WHAT TO PRODUCE: Produce an exact copy of the first line of the data below and each line after it, please, up to and including the one with "Orange glowing clouds".

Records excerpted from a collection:
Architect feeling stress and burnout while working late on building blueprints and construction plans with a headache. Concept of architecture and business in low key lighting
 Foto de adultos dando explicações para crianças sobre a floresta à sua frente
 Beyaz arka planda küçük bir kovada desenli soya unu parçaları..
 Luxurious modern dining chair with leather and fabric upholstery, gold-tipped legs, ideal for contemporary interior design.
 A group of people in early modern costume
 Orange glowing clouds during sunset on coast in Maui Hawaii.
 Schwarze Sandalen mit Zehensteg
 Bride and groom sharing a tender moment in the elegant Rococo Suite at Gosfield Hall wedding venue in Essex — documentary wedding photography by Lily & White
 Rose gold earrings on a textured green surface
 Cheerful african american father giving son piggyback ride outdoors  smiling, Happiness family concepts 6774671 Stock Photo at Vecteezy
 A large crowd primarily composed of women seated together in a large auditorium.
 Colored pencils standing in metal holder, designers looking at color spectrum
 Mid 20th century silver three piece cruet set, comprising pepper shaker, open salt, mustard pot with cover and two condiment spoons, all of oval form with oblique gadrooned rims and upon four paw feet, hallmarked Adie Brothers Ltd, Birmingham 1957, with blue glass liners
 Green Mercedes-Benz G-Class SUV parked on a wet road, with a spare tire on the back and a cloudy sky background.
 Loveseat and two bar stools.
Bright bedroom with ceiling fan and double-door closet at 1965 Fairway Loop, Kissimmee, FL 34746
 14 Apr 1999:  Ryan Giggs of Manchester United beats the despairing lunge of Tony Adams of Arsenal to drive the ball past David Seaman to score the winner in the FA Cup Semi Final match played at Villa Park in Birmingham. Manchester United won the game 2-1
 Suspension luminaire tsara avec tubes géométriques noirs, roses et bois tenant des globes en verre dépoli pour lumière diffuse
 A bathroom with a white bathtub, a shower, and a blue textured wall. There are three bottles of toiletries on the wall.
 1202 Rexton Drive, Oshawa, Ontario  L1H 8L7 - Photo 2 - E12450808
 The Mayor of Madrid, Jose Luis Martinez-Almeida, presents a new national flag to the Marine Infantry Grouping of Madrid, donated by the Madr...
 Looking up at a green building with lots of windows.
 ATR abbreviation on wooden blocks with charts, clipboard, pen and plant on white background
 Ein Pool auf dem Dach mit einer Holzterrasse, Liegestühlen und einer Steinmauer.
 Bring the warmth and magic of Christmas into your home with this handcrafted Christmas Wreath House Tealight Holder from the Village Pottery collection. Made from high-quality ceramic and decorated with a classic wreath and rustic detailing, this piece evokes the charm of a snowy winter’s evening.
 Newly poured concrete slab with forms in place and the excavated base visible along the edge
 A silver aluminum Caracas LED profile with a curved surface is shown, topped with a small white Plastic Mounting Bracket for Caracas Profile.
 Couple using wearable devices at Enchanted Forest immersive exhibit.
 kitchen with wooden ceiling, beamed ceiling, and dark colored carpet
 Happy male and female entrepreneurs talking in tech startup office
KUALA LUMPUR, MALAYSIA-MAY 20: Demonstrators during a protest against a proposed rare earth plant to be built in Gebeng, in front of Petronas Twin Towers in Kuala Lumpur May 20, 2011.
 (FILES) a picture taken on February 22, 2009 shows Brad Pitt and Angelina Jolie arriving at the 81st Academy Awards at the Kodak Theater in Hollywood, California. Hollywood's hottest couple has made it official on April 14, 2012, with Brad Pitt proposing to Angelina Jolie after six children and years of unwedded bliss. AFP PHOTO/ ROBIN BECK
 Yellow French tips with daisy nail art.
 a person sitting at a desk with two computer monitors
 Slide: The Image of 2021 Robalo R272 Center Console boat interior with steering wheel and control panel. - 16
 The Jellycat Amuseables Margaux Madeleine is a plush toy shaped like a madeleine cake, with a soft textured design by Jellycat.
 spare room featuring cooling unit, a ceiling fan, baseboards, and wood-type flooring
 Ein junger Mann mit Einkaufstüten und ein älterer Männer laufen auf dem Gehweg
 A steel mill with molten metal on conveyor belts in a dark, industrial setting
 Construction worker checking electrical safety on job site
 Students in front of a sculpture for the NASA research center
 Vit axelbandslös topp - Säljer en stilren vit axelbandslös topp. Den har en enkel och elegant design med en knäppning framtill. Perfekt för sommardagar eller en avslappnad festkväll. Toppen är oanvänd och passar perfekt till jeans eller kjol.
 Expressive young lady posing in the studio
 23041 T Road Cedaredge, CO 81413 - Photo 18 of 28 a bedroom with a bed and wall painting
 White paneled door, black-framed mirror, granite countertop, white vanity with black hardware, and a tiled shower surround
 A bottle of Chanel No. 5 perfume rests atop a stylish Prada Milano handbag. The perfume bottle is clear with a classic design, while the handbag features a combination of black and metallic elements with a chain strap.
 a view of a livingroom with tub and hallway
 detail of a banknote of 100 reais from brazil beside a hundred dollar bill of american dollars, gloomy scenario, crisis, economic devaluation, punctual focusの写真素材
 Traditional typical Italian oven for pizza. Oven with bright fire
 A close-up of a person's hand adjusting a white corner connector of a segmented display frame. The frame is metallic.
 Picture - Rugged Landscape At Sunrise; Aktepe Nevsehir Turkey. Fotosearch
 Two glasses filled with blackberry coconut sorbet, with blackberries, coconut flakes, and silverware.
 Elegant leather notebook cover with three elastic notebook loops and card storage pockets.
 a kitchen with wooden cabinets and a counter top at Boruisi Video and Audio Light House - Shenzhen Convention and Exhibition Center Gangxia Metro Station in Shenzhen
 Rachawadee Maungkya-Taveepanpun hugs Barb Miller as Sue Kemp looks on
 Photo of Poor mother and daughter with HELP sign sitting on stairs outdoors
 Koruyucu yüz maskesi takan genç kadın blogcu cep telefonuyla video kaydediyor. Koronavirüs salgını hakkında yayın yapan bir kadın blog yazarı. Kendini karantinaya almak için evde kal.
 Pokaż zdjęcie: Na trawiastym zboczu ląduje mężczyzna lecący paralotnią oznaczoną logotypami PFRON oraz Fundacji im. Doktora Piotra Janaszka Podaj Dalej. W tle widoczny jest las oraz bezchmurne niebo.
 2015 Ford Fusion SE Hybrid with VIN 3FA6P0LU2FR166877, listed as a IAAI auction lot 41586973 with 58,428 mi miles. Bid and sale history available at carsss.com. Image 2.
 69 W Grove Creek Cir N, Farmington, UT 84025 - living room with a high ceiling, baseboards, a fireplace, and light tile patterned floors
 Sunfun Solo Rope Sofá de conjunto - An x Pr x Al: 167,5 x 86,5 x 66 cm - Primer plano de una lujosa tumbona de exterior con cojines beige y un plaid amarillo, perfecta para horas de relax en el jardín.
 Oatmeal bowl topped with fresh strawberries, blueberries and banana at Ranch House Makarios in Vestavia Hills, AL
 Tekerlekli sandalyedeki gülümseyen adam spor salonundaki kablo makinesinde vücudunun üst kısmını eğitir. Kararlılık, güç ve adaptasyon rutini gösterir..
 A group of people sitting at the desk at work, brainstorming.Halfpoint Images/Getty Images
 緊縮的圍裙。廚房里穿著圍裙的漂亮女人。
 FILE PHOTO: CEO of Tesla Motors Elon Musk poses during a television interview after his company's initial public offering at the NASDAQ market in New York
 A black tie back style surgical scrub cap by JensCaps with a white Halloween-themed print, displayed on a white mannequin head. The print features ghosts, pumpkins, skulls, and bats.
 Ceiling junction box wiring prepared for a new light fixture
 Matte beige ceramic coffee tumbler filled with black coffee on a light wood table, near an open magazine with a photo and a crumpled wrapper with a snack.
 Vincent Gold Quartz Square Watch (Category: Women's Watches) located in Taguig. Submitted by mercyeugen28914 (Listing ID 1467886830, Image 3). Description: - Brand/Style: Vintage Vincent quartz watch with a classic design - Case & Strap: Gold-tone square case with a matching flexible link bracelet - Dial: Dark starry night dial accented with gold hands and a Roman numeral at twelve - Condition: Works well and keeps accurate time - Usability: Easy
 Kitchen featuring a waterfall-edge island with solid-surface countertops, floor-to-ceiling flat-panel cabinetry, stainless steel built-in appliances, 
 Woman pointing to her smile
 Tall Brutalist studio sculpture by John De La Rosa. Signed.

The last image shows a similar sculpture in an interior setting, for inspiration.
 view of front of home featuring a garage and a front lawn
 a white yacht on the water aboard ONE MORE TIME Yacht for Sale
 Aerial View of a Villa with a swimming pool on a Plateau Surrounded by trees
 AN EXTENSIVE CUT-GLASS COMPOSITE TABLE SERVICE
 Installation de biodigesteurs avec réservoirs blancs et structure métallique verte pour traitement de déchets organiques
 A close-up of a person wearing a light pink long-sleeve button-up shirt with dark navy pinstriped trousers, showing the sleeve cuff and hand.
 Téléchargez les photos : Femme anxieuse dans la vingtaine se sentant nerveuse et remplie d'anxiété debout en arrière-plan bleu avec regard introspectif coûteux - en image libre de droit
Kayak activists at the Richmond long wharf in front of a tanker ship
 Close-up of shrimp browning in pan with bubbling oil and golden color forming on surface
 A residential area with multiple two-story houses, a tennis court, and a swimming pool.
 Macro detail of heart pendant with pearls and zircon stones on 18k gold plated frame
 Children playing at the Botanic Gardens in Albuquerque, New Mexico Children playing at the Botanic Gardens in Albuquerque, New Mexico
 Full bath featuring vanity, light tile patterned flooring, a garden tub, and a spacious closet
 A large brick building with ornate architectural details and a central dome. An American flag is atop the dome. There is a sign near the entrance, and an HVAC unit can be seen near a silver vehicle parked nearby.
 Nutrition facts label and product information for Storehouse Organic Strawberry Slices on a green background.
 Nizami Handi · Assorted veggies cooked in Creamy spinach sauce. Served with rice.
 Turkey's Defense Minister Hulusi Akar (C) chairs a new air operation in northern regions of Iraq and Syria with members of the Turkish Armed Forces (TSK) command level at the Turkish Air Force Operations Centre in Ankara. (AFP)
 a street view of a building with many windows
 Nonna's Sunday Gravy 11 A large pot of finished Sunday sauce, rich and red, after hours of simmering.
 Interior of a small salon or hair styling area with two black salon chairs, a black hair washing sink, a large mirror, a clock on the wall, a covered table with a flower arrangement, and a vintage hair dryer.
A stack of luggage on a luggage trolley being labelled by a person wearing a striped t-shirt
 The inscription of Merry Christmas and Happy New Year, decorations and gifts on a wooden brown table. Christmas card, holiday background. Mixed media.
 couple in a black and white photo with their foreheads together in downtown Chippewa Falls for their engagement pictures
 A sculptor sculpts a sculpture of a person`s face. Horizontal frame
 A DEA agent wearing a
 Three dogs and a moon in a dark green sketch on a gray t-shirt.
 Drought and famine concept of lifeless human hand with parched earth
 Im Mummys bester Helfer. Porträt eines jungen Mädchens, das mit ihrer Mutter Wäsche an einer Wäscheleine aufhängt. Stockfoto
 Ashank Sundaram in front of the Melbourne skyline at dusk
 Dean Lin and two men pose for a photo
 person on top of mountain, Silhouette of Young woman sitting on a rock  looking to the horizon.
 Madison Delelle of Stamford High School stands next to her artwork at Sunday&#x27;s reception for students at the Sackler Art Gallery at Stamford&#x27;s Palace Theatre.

RESPONSE:
Architect feeling stress and burnout while working late on building blueprints and construction plans with a headache. Concept of architecture and business in low key lighting
 Foto de adultos dando explicações para crianças sobre a floresta à sua frente
 Beyaz arka planda küçük bir kovada desenli soya unu parçaları..
 Luxurious modern dining chair with leather and fabric upholstery, gold-tipped legs, ideal for contemporary interior design.
 A group of people in early modern costume
 Orange glowing clouds during sunset on coast in Maui Hawaii.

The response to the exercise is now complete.